Brainfood: 100 plant science questions, Biodiversity data, Cropland expansion double, CC & yields, Crop diversity & stability, Nutritious crops double, Feminist markets
- One hundred important questions facing plant science: an international perspective. How do we leverage existing genetic diversity to create climate-resilient crops? is only number 3 you say? I’ll take it. And in fact that broad question gets deconstructed in questions 36-71. Now, let’s see how today’s haul of papers relates to that, shall we?
- A strategy for the next decade to address data deficiency in neglected biodiversity. Well, yeah, easy one, clearly you need data to conserve the crop wild relatives that could help you breed those climate-resilient crops.

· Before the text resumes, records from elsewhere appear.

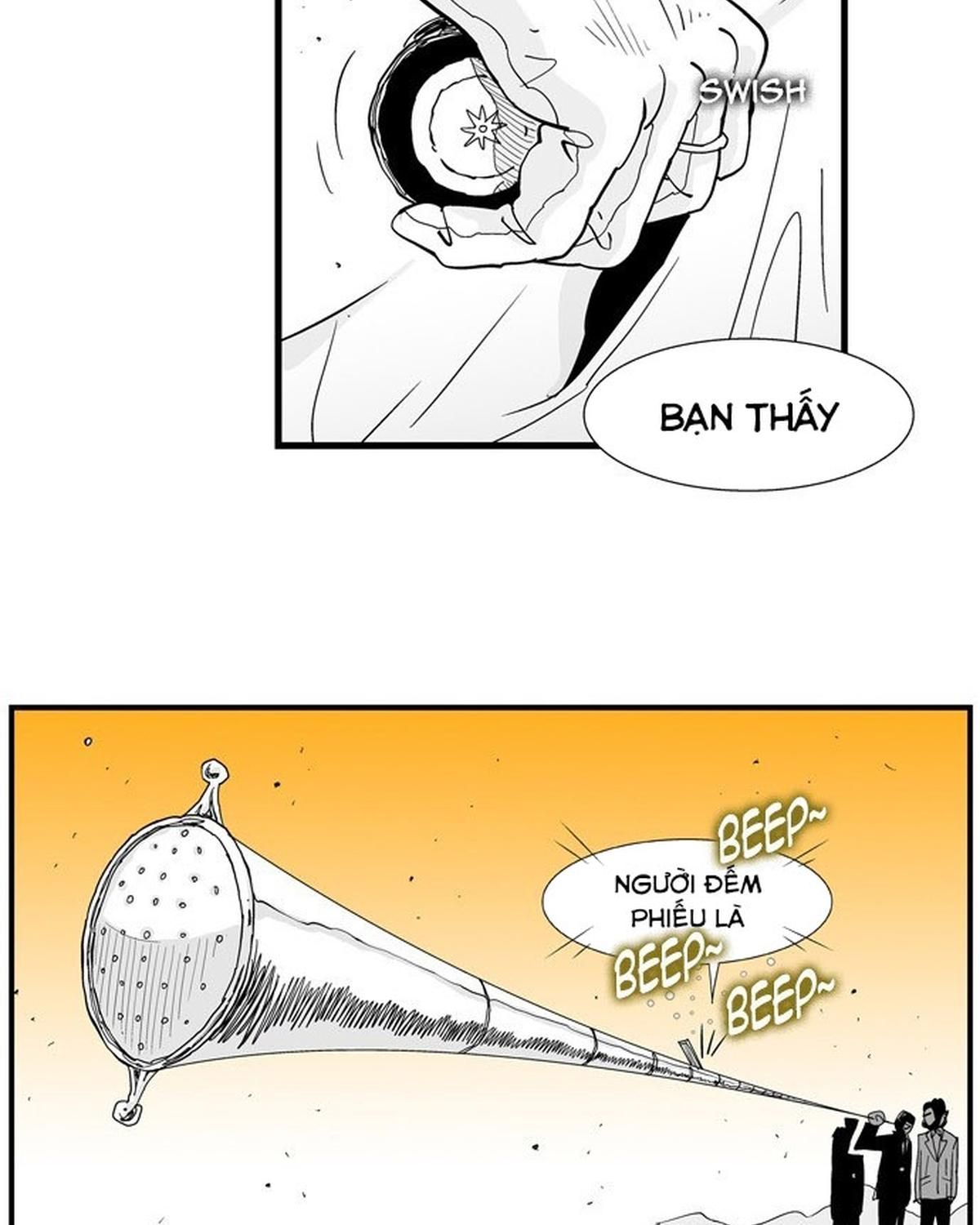 HELLPER - Chương 179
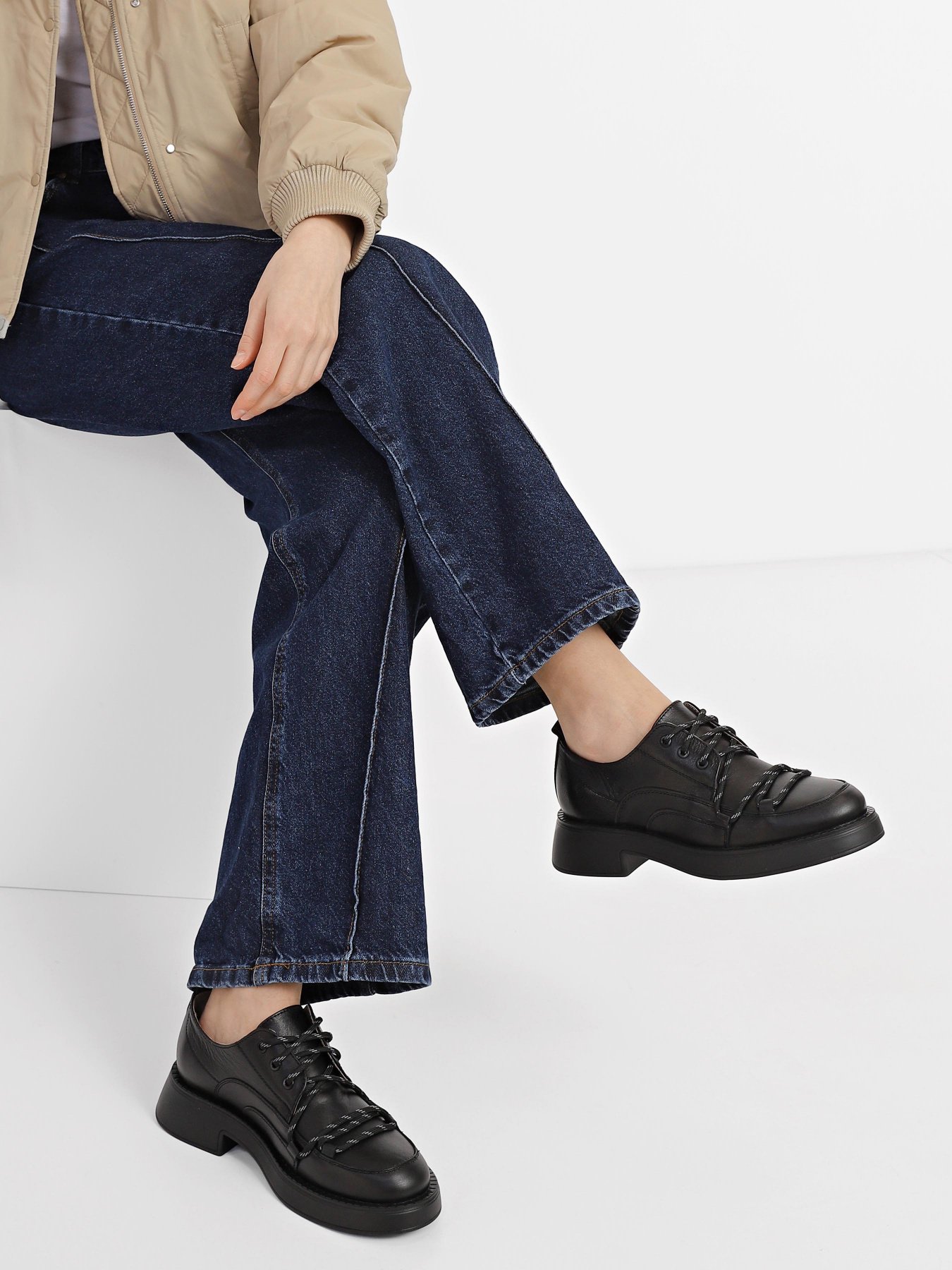 Броги Braska модель 814-3726/101 Фото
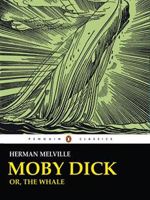 Moby Dick  | هرمان ملویل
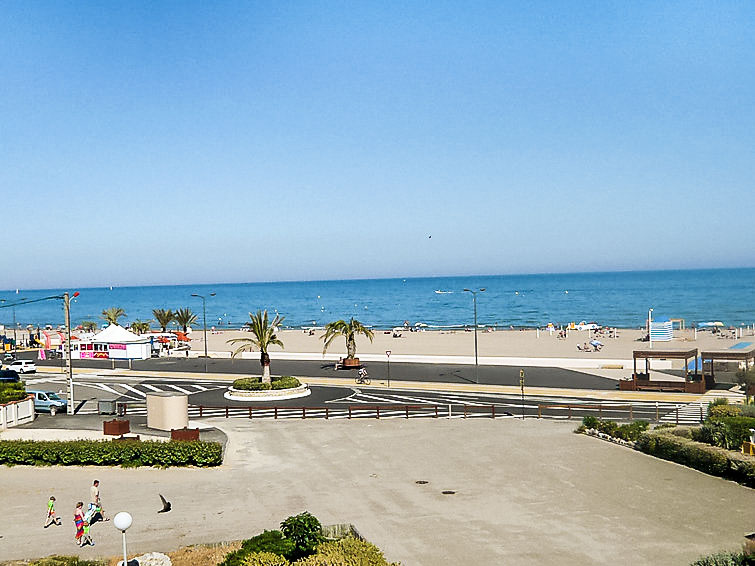 Les Balcons de la Méditerranée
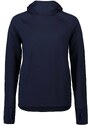 POC W's Merino Hood Turmaline Navy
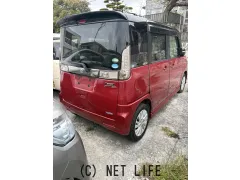 部品取車 スペーシア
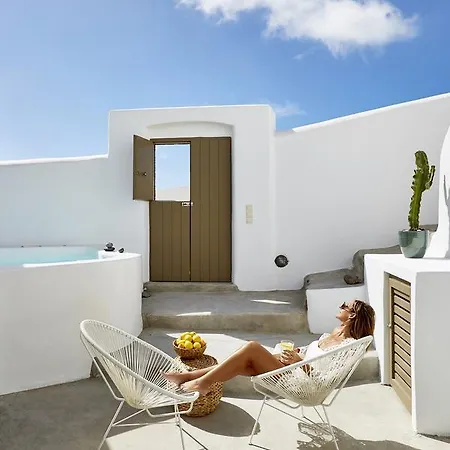 Villa The Small Architect's House *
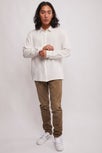 Federation Perfect Shirt White
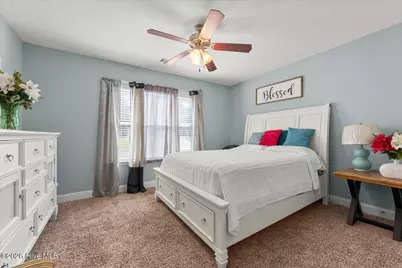 1216 Bubbling Springs Drive, Graniteville, SC 29829 - Photo 6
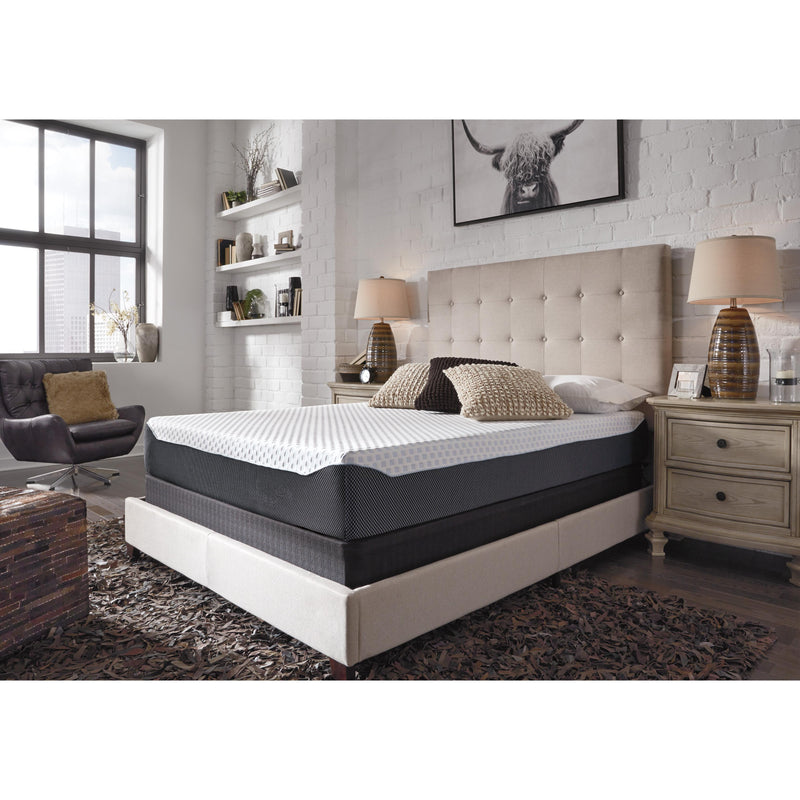 Sierra Sleep 10 Inch Chime Elite M67311 Twin Mattress IMAGE 6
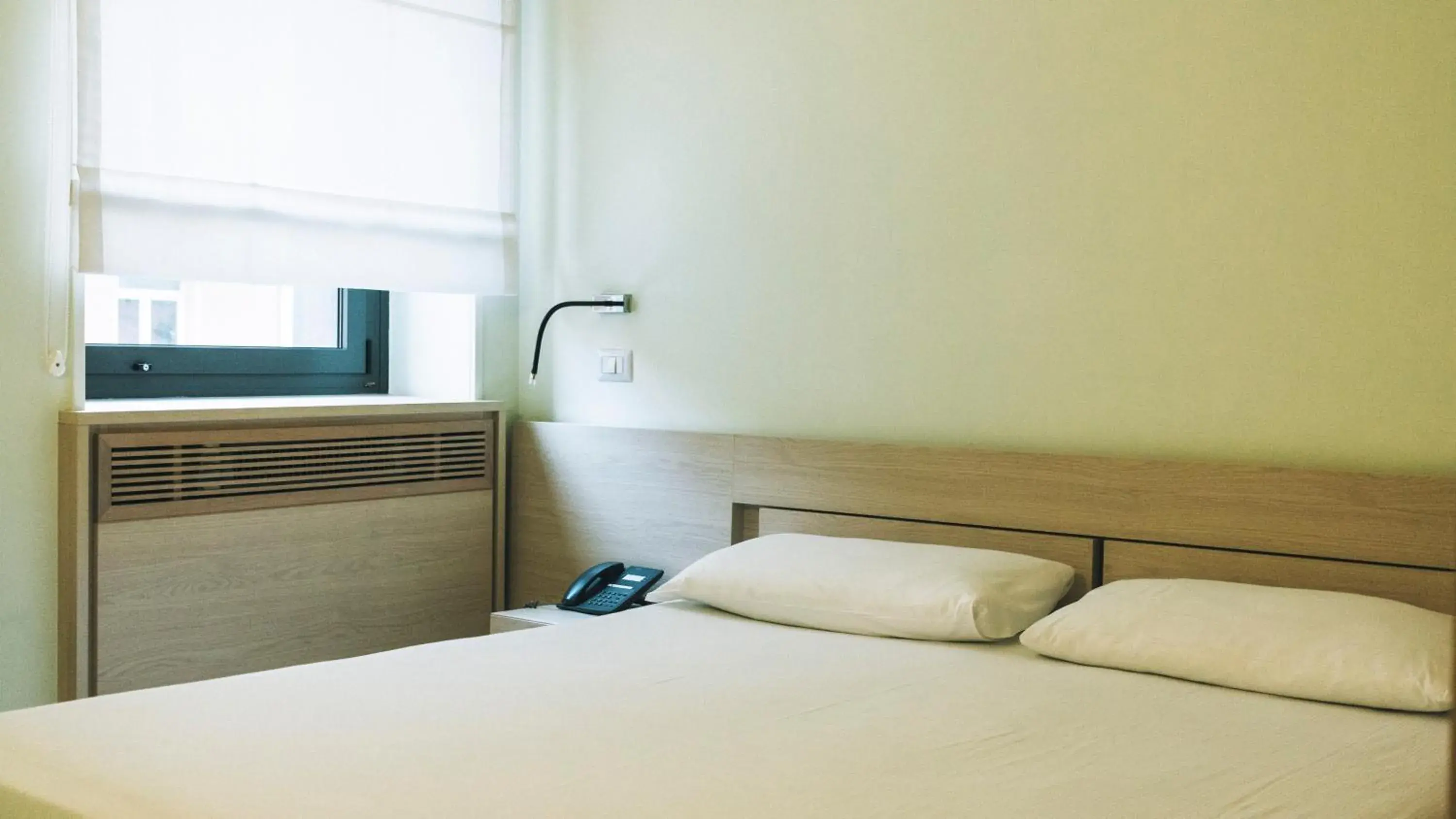 Deluxe Double or Twin Room in Domus Helena Deluxe Double or Twin Room in Domus Helena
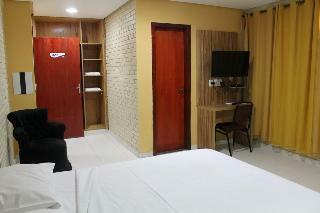 Hotel Serras De Goyaz Pousada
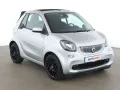Smart fortwo 1.0 Basis passion Aut.*NAVI*TEMPO*SHZ*LIM
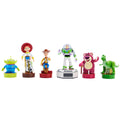 Robosen Robotics - Toy Story Mini Robots 30th Anniversary Collector's Set - 6 Pack with Base - Buzz Lightyear, Woody, Lotso, Alien, Rex, Jessie (PRE-ORDER FEB 2026)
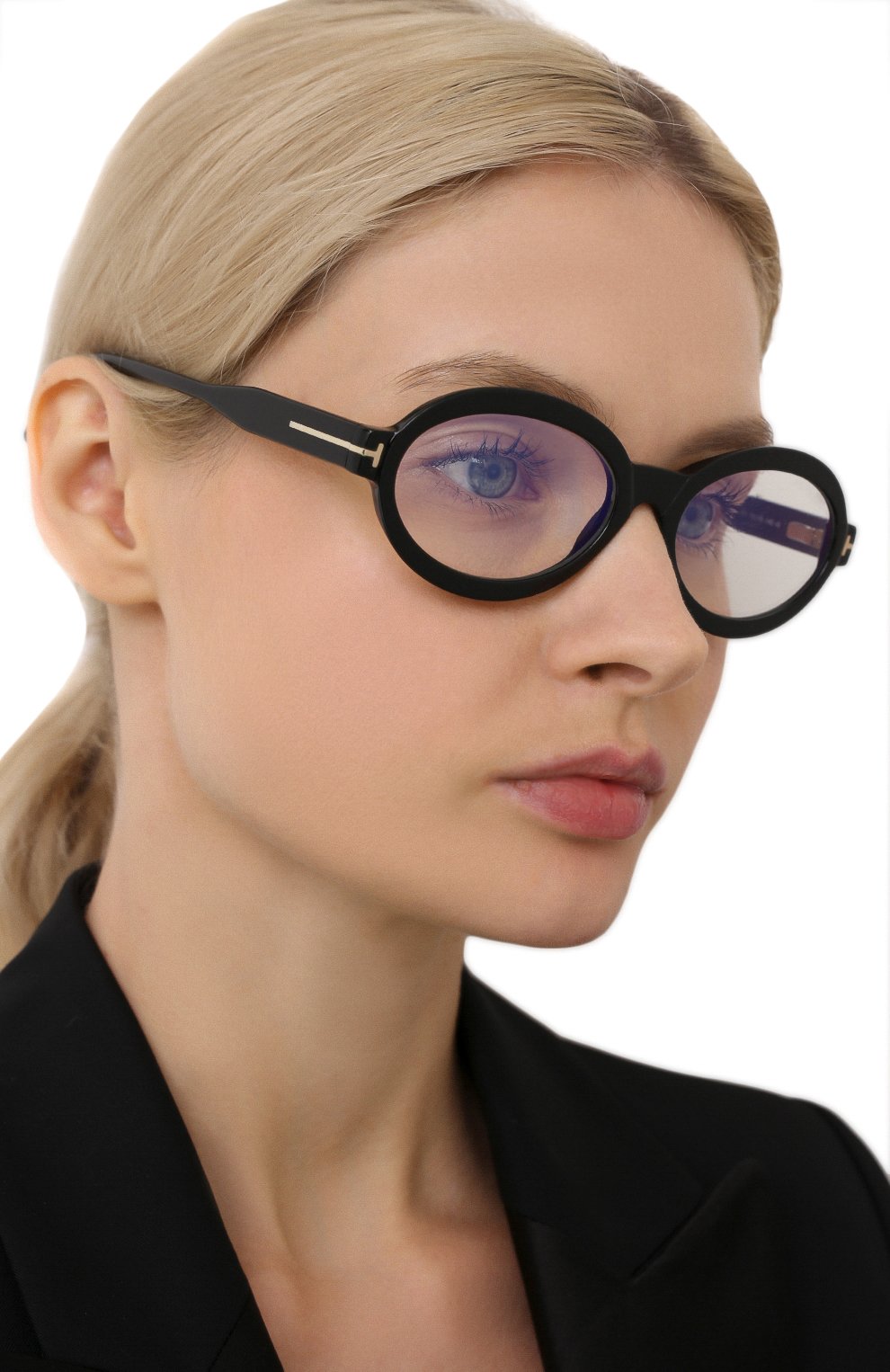 Оправа TOM FORD, арт. TF5710-B 001, фото 2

- Post-2020 biodiversity framework challenged by cropland expansion in protected areas. Apart from anything else, that data would tell you which CWR in protected areas are threatened with cropland expansion, and said CWR could help you with breeding crops that could limit cropland expansion by increasing production on existing cropland. Could, could, could…
- Global Maps of Agricultural Expansion Potential at a 300 m Resolution. That cropland expansion might do less damage in some places than others. Still with me?
- Increased probability of hot and dry weather extremes during the growing season threatens global crop yields. Right, that’s why those CWR might come in useful. Assuming you can still find them with all that cropland expansion.
- Divergent impacts of crop diversity on caloric and economic yield stability. At the state level within the USA, crop species diversity is positively associated with yield stability when yield is measured in $ but negatively when measured in calories. Now do it for genetic diversity.
- Role of staple cereals in human nutrition: Separating the wheat from the chaff in the infodemics age. The benefits of those climate-resilient, more nutritious crops need to be better communicated.
- Simple solutions for complex problems? What is missing in agriculture for nutrition interventions. What does nutritious mean anyway?
- “Whose demand?” The co-construction of markets, demand and gender in development-oriented crop breeding. Who is it that wants those climate-resilient, nutritious crops anyway?
- Take-home message: leveraging existing genetic diversity to create climate-resilient crops might be the easy part.
Nibbles: Robert Chambers, Zero Hunger, China genebank, Spanish bacteria, Harnessing diversity
- There’s a celebration of the thinking of Robert Chambers over at IDS Bulletin. He’s been advocating for participation in development and the importance of Indigenous knowledge, among other things, for 50 years.
- The Center on Global Food and Agriculture has a report out called “Defining the Path to Zero Hunger in an Equitable World” which basically tries to add humanitarian assistance to the old food-climate-biodiversity nexus. Crop diversity is nowhere to be found among the “catalyzing ideas,” but one of those is investing in “force multipliers,” and that includes agricultural research and development. Participatory agricultural research and development, presumably?
- Meanwhile, China has collected 124,000 crop diversity samples.
- And a Spanish microbiologist has collected 3,600 bacteria.
- The PNAS Special feature: Harnessing crop diversity, organized by Susan McCouch, Loren Rieseberg and Pamela Ronald, got a nice write-up in the latest Plant Science Research Weekly. But what would Robert Chambers say? Anyway, should I do a special Brainfood on it? Let me know in the comments, as the cool kids say.